A notice was displayed at the park’s entrance asking people to refrain from throwing cherry blossom viewing parties, and similar announcements also have been broadcast over the park’s PA system. Park visitors are requested to go home earlier than usual.
“It’s probably not the best idea to celebrate wildly at night, but I think it’s perfectly fine for people to gather in the daytime to drink and eat,” said a 70-year-old man from Fuchu, Tokyo, who was photographing cherry blossoms reflected in the pond.
At Yasukuni Shrine in Chiyoda Ward, Tokyo, many signs on display Saturday said, “Please refrain from throwing cherry blossom viewing parties.” Because of this, there have been fewer visitors to the shrine than usual at this time of year.
Elsewhere in Japan, Ujigawa Sakura Matsuri festival, which was to take place on Saturday and Sunday near Byodoin temple in Uji, Kyoto Prefecture, was canceled.
One reason was that a water truck used to deliver water for the tea ceremony was unavailable as it had been dispatched to disaster-hit areas.
Famous for the illumination of its trees, Osaka’s April 14 to 20 “Sakura no Torinuke” event will this year go without the decorations for the first time since 1951.
Meanwhile in Kyushu, evening illuminations also were canceled at the Fukuoka Castle Cherry Blossom Festival held at Maizuru Park in Chuo Ward, Fukuoka.
Similarly, the lighting of paper lanterns at two Nagasaki cherry blossom festivals–in Kazagashira and Tateyama Parks–were also halted.
But hanami parties are not the only “indulgent” events to have been canceled or postponed.
Originally scheduled to take place on May 20 to 22, the 2011 Sanja Matsuri has been canceled. One of Tokyo’s major festivals, the Asakusa district’s Sanja Matsuri is famous for its parade of mikoshi portable shrines.
While the cancellation is somewhat due to the atmosphere surrounding the earthquake and tsunami, it also was believed that unpredictable rolling power outages in the Kanto region would prove troublesome for the event.

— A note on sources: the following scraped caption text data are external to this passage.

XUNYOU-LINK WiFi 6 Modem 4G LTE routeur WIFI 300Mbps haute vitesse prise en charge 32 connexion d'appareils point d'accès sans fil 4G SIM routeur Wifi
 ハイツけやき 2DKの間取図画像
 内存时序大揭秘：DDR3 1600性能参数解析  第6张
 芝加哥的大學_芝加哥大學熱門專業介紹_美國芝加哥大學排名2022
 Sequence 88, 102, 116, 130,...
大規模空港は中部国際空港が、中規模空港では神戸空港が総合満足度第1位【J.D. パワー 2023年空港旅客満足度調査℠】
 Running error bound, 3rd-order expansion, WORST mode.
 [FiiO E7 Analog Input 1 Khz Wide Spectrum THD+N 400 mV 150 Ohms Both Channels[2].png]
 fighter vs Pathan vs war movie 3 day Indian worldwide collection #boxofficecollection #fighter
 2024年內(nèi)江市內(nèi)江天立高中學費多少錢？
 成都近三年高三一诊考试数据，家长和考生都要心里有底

The Kanda Matsuri festival scheduled to be held from May 12 to 18 in Tokyo’s Kanda district also will likely be canceled.
When festival representatives held a meeting in March, they said it was more proper to send money to disaster-hit areas instead of collecting donations for their event.
The Nikko Toshogu Shrine Spring Grand Festival, which was to be held on May 17 and 18 in Nikko, Tochigi Prefecture, also has been canceled. The annual event is famous for Yabusame horseback archery and the Sennin Musha Gyoretsu “100 warriors” procession.
The last time the shrine canceled the festival was in 1988, when Emperor Showa became ill.
“Considering the extent of the damage to the quake-hit areas, we thought it was appropriate [to cancel the event],” said a priest.
Commenting on the numerous festival and event cancellations, Prof. Tatsuo Inamasu of Hosei University, a social psychology researcher, said: “I assume such restraint is out of consideration for the quake victims’ feelings, but I also think the victims wouldn’t wish [such constraints] to dampen the mood of the entire nation.
“I believe festivals and hanami–within reason–should be allowed. People would be better off channeling the energy in a positive direction by, for example, collecting donations for quake victims on such occasions,” he said.
“At the time of the Great Hanshin Earthquake, most events weren’t canceled as it was thought despite the seriousness of the situation, positivity should be encouraged as much as possible,” said Masao Kimura, a freelance entertainment event producer and former executive of Yoshimoto Kogyo.
“With this quake, however, there are different factors involved. The rolling power outages and nuclear accident may cause difficulties attracting the usual spectators. But I think it’s overkill canceling everything or restraining from putting on events nationwide,” he said.